"The academic monograph is dead! The days of small university presses are numbered!" This is a common refrain among analysts of academic publishing in the digital age -- sometimes proclaimed with glee (especially by those technology enthusiasts who would like to see websites and digital databases take the place of the academic monograph), but more often in the form of a lament over the decline of publishing. And yet, monographs still play an important role -- not only for individual career paths (especially in disciplines where "having a monograph" is seen as essential for promotion to more senior positions), but also as major contributions to scholarship.

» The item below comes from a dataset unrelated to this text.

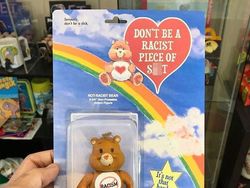 Produk Aneh dan Editan yang Ramai di Instagram, Bikin Ngakak!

I count myself among those who think that monographs are of singular importance to philosophy and cannot easily be replaced by journal articles. Not every important philosophical idea needs to be turned into a monograph, obviously, and though I don't mind it if monographs include published material, I do feel cheated when a "monograph" I've bought turns out to consist solely of superficially rewritten journal articles (just call it a collection of published essays, then!). Which brings me to another confession: I regularly buy (and read) monographs, sometimes (gasp!) even the pricey hardcover editions.

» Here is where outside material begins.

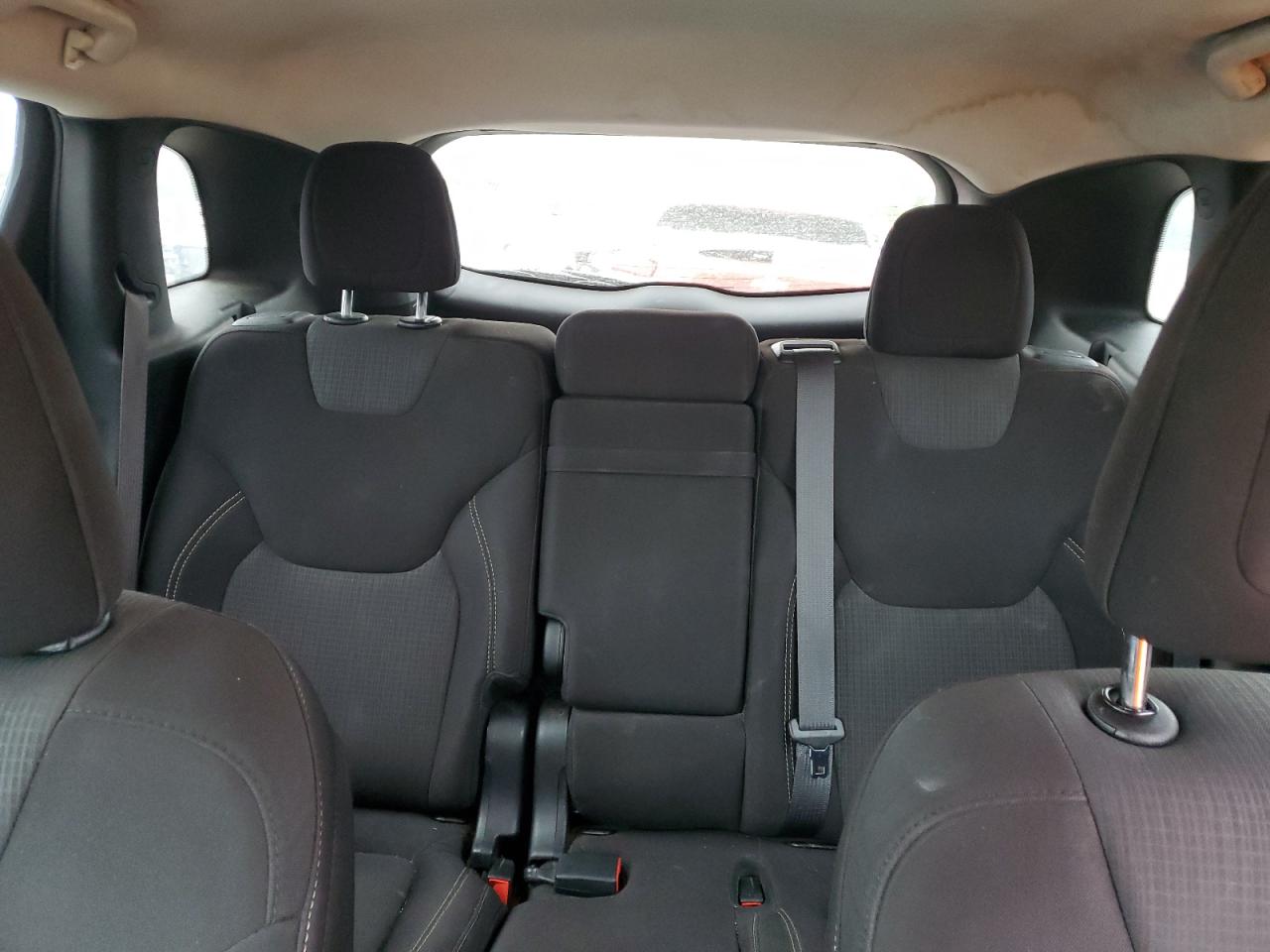 2015 Jeep Cherokee Latitude VIN: 1C4PJLCB4FW683160 Lot: 89504585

However, on more than one occasion, I've been disappointed by the books I've bought -- including some of those I've been most looking forward to, written by colleagues whom I respect and even admire. I don't mean the philosophical content of the books in question -- which, on occasion, has been groundbreaking -- but by the simple fact that these books were riddled with typos, missing footnotes, incomplete references etc. -- Whether it is because of rushed deadlines (which I've discussed here) or because of misplaced trust that the publisher would take care of it, I don't know -- what I do know is that no one could possibly have proofread the galleys without spotting at least the more glaring typos.

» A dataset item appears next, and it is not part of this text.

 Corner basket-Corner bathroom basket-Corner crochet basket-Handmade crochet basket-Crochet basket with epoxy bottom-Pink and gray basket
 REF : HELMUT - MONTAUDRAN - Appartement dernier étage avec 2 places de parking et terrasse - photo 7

Which is why I am imploring authors -- established scholars and those planning their first book -- to make sure to proofread their manuscripts/galleys before they get sent to the printers. Don't rely solely on the publisher to do this -- many of them have outsourced typesetting (which sometimes introduces typos, as I'll discuss in a future post).
For my recent book A Critical Introduction to Testimony (which, if I'm permitted to plug the book a little, is the first comprehensive survey of the epistemology of testimony since Coady's 1992 book; for a longish essay review click here), I was lucky enough to have research funds that allowed me to hire two fantastic student assistants who helped with the proofreading and indexing. Even so, I went through three rounds of proofreading myself -- and asked the publisher to prepare an additional set of proofs, just to make sure all the corrections had made it into the final product.
Even in the final round of proofreading, I still found a sentence that said "testimony" where it should have said "evidence" (thereby rendering the sentence tautological), and, in spite of my best efforts, I imagine there are still some typos hidden somewhere in the 264 pages... (If you, or one of your students -- yes, the book is eminently suitable as a class text, thanks to study questions etc. ... ok, enough already -- spot any typos, do let me know as the publisher informs me the book is selling reasonably well, so there may be a second edition.)
In a recent post, Marcus discusses the process of writing a book proposal and pitching it to different publishers. As he notes, writing a book is a massive commitment of time and resources, and few authors would be comfortable with publishing a book that no one reads. However, in this day and age, buying and reading an academic monograph also constitutes a non-negligible commitment of time and resources on the part of the reader (just look at the average price of a Routledge or OUP hardcover!), and no author should be comfortable with publishing a book that is riddled with typos, missing references, a useless index, or which unnecessarily tests the reader's patience in other ways.
So, when you write a book -- whether it's your first, or your twentieth -- do make sure to proofread it properly.